- **WHAT TO WORK ON**
Please reproduce the final stretch of the listing below: the line that contains "Cranebrain Heavyweight Hoodie - Black" and all lines after it, verbatim, with nothing else.

- **RECORDS FOR THE TASK**
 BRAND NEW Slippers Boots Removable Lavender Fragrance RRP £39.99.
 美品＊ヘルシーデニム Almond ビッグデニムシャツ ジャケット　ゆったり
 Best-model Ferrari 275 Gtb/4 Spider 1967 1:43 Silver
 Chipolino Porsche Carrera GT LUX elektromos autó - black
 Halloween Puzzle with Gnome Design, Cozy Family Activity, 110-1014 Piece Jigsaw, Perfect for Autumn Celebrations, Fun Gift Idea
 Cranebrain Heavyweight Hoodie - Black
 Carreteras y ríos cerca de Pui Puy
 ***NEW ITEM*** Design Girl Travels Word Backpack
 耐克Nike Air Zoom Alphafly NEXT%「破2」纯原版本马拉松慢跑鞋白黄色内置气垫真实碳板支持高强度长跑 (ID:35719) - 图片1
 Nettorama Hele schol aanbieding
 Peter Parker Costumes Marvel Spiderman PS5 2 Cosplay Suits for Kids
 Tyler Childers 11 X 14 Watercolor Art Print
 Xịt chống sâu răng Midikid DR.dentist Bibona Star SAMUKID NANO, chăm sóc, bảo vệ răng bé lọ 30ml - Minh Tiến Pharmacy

- **SOLUTION TO THIS PROBLEM**
 Cranebrain Heavyweight Hoodie - Black
 Carreteras y ríos cerca de Pui Puy
 ***NEW ITEM*** Design Girl Travels Word Backpack
 耐克Nike Air Zoom Alphafly NEXT%「破2」纯原版本马拉松慢跑鞋白黄色内置气垫真实碳板支持高强度长跑 (ID:35719) - 图片1
 Nettorama Hele schol aanbieding
 Peter Parker Costumes Marvel Spiderman PS5 2 Cosplay Suits for Kids
 Tyler Childers 11 X 14 Watercolor Art Print
 Xịt chống sâu răng Midikid DR.dentist Bibona Star SAMUKID NANO, chăm sóc, bảo vệ răng bé lọ 30ml - Minh Tiến Pharmacy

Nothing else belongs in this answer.